■ **Task goal**
Each line below from the one containing "Sasko - Weimar" through the one containing "AIRFUN al aire" is to be given again exactly, and no line outside that span.

■ **Saved entries**
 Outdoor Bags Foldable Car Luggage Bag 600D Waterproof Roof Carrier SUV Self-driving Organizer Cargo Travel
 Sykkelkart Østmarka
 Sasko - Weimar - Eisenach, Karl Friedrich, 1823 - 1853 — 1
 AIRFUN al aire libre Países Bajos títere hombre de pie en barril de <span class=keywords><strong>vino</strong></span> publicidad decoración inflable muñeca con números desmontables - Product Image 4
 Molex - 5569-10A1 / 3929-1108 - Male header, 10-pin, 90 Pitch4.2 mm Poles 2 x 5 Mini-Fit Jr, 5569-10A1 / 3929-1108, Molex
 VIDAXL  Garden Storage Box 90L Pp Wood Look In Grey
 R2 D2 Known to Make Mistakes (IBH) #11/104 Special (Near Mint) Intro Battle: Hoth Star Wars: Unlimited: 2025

■ **Your solution**
 Sasko - Weimar - Eisenach, Karl Friedrich, 1823 - 1853 — 1
 AIRFUN al aire libre Países Bajos títere hombre de pie en barril de <span class=keywords><strong>vino</strong></span> publicidad decoración inflable muñeca con números desmontables - Product Image 4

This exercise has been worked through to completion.